CIDADANIA

Trabalhadoras domésticas: deputada Isolda Dantas promove debate sobre vulnerabilidade do setor na pandemia

As trabalhadoras domésticas estão entre os grupos de maior vulnerabilidade na pandemia. Não à toa, a primeira vítima por covid-19 registrada no país, ainda em março de 2020, foi uma mulher que trabalhava na casa de uma família de classe média alta em um bairro nobre do Rio de Janeiro.

De acordo com a pesquisa nacional por amostra domiciliar divulgada em 2018 pelo IBGE, 6,2 milhões de pessoas atuavam no setor, sendo 92% mulheres e, entre elas, 68% são negras.

Nesta terça-feira (27), data que marca o Dia Nacional das Trabalhadoras Domésticas, a deputada estadual Isolda Dantas (PT) promove uma live para debater ofício dessas trabalhadoras em meio à maior crise sanitária dos últimos 100 anos no país:

 – Em tempos de pandemia, a desvalorização do trabalho doméstico ganha contornos ainda mais cruéis. Foi uma trabalhadora doméstica a primeira pessoa a morrer de Covid no Brasil. A morte do menino Miguel em um condomínio de luxo no Recife também não pode ser esquecida. Então vamos realizar uma live para discutir sobre o trabalho doméstico no Brasil em tempos de pandemia”, destaca a parlamentar.

O debate será realizado a partir das 19h em formato remoto através da conta no Youtube e do Facebook da parlamentar do PT. Participam como convidadas a procuradora regional do Trabalho Ileana Neiva Mousinho e a presidenta da Federação Nacional das Trabalhadoras Domésticas Chirlene dos Santos.

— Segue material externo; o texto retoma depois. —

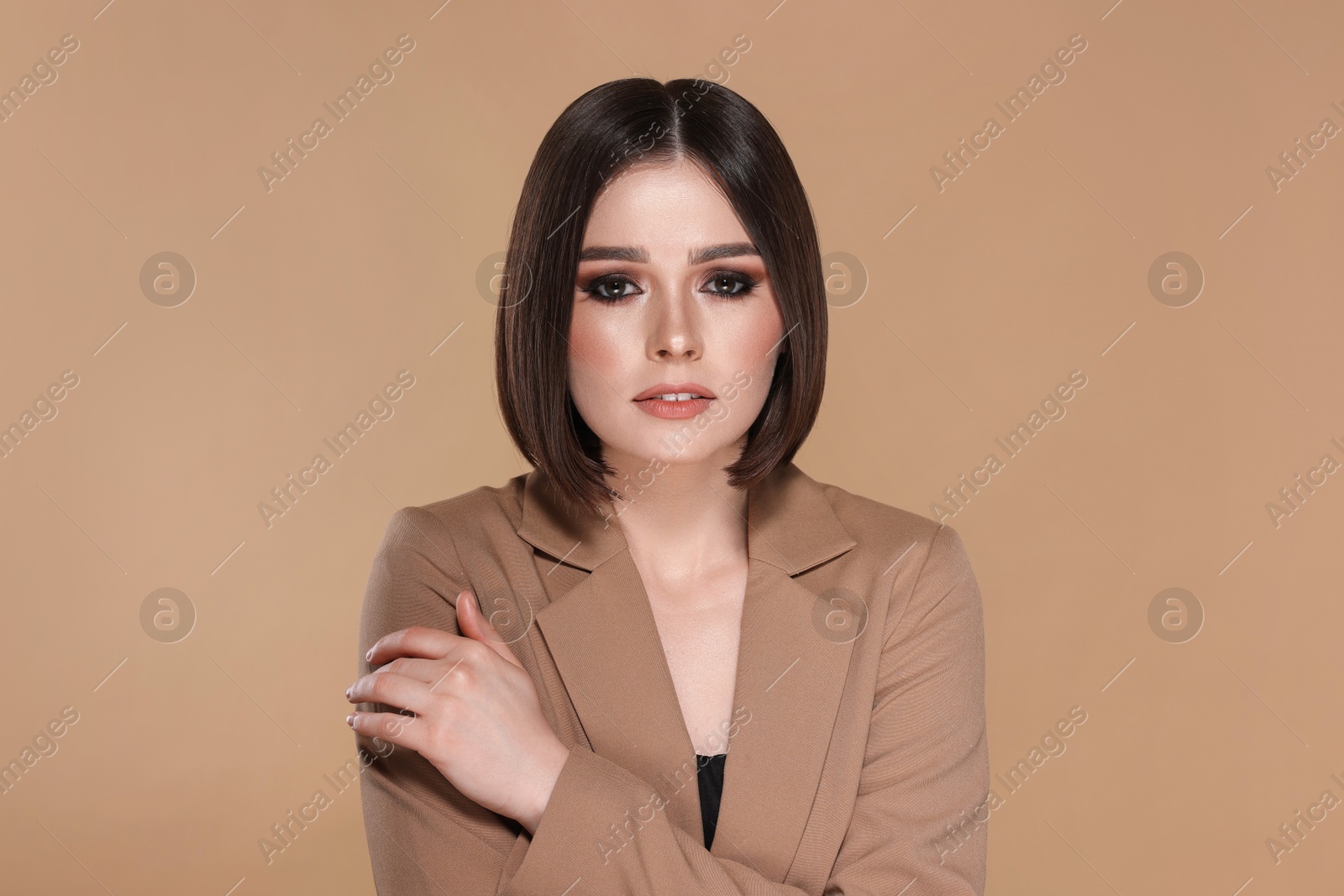 Photo of Portrait of beautiful young woman with gorgeous straight hair on beige background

Dia Nacional da Trabalhadora Doméstica é comemorado em 27 de Abril em homenagem à Santa Zita, considerada a padroeira da categoria.

Regulamentação do trabalho doméstico foi assinada pela presidenta Dilma Rousseff

A luta pela regulamentação do trabalho doméstico no Brasil obteve uma vitória histórica em junho de 2015, quando a então presidenta Dilma Rousseff sancionou o projeto que igualava os direitos dos trabalhadores domésticos aos dos demais trabalhadores urbanos e rurais. A lei havia sido promulgada pelo Congresso Nacional em abril de 2013.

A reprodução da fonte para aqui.